SUPPLIED RECORDS:
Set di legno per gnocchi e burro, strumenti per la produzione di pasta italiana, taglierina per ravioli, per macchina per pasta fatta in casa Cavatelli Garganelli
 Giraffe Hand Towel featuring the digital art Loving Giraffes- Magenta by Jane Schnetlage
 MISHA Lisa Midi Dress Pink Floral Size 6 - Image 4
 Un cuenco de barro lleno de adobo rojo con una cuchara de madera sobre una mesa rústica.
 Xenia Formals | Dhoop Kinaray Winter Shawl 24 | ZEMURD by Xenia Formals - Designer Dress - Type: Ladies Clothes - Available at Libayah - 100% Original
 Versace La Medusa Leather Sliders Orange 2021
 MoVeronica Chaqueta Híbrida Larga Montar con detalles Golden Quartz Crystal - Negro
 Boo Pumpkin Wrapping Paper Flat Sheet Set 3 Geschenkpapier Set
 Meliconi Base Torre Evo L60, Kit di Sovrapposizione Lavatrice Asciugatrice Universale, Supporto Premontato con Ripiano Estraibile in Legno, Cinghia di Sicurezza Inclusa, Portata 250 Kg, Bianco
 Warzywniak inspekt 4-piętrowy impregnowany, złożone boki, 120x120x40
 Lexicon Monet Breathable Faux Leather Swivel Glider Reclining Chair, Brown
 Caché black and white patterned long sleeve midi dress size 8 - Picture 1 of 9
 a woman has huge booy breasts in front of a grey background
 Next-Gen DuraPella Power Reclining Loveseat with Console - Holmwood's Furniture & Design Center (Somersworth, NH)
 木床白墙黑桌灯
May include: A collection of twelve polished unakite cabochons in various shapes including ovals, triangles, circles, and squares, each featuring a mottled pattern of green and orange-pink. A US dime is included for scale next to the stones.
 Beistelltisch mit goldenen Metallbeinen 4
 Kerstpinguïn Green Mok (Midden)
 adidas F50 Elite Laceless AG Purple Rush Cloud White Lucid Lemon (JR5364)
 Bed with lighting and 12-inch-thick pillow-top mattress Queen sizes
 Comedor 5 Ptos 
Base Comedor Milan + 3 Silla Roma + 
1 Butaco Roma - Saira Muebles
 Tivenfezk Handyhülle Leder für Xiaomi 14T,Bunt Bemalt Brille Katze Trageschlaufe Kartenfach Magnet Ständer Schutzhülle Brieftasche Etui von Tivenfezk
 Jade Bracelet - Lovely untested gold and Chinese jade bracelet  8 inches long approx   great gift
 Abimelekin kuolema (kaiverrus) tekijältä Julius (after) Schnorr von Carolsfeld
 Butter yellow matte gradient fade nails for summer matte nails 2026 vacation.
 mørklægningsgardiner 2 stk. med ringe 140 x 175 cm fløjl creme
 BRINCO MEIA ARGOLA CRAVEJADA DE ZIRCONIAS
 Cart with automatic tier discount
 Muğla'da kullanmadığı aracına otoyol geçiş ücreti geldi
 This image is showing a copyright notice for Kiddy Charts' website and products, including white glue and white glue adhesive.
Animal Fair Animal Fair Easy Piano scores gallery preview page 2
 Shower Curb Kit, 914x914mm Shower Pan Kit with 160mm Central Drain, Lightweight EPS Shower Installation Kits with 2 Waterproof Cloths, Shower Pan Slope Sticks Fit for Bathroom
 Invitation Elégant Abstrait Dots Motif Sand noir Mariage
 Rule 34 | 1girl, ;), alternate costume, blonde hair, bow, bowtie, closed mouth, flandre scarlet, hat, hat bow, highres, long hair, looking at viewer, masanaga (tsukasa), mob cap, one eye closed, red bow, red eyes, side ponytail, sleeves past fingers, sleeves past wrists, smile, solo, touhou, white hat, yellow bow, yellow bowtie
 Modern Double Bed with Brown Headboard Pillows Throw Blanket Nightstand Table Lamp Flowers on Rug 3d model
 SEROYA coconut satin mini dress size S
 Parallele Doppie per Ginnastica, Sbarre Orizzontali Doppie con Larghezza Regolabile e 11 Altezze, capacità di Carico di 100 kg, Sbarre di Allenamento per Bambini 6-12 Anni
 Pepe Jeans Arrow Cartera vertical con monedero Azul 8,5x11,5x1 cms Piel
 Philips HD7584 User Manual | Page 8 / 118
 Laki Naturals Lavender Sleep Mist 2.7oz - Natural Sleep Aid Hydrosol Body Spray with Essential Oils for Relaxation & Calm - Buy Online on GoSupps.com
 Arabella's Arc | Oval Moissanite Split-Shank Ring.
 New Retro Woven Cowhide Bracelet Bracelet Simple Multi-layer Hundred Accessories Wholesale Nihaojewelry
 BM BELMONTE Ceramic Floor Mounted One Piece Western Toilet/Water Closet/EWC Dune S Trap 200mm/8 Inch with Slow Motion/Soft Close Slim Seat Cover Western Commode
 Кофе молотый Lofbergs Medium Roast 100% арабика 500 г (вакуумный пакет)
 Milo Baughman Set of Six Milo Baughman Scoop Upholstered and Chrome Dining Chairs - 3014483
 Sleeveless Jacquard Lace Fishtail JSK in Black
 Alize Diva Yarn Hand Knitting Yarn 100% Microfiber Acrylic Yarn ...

TRY IT: Set down the lines from the one with "Кофе молотый Lofbergs" through the end of the data above. Keep each exactly as written and add no other line.

OUTPUT BELOW:
 Кофе молотый Lofbergs Medium Roast 100% арабика 500 г (вакуумный пакет)
 Milo Baughman Set of Six Milo Baughman Scoop Upholstered and Chrome Dining Chairs - 3014483
 Sleeveless Jacquard Lace Fishtail JSK in Black
 Alize Diva Yarn Hand Knitting Yarn 100% Microfiber Acrylic Yarn ...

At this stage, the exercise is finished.